### Work task
Nothing outside the lines below from the one containing "kommer till använding!💕" through the one containing "Used 2023 Honda Civic LX image 57" is to be printed; print those exactly, ends included, and drop the pictures.

### Data for review
--------------------------------------------------

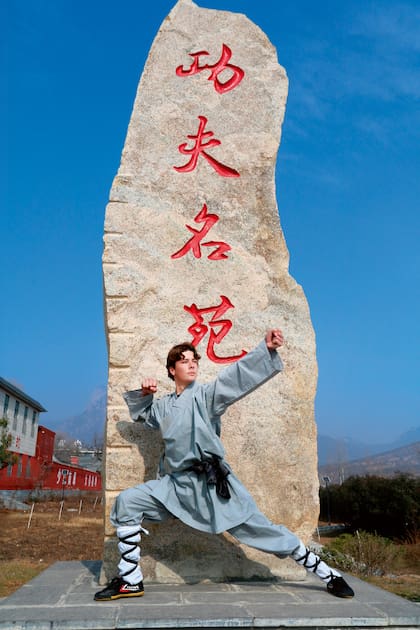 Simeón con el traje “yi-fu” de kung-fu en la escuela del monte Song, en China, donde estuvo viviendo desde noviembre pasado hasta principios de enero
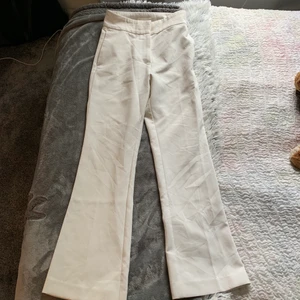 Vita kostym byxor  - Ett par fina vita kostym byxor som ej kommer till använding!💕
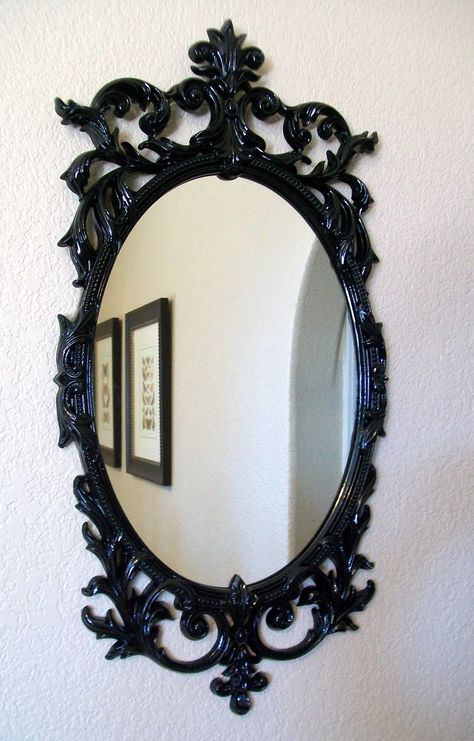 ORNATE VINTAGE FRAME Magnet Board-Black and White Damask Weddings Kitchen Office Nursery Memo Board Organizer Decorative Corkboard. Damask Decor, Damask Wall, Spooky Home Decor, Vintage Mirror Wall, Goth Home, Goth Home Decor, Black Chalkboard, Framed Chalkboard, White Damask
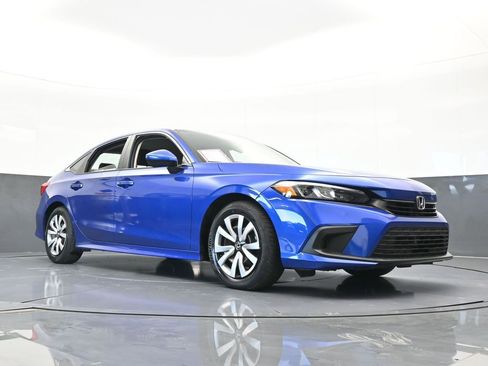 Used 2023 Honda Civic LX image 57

--------------------------------------------------

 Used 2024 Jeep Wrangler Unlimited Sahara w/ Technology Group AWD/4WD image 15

--------------------------------------------------

### Written solution
 Vita kostym byxor  - Ett par fina vita kostym byxor som ej kommer till använding!💕
 ORNATE VINTAGE FRAME Magnet Board-Black and White Damask Weddings Kitchen Office Nursery Memo Board Organizer Decorative Corkboard. Damask Decor, Damask Wall, Spooky Home Decor, Vintage Mirror Wall, Goth Home, Goth Home Decor, Black Chalkboard, Framed Chalkboard, White Damask
 Used 2023 Honda Civic LX image 57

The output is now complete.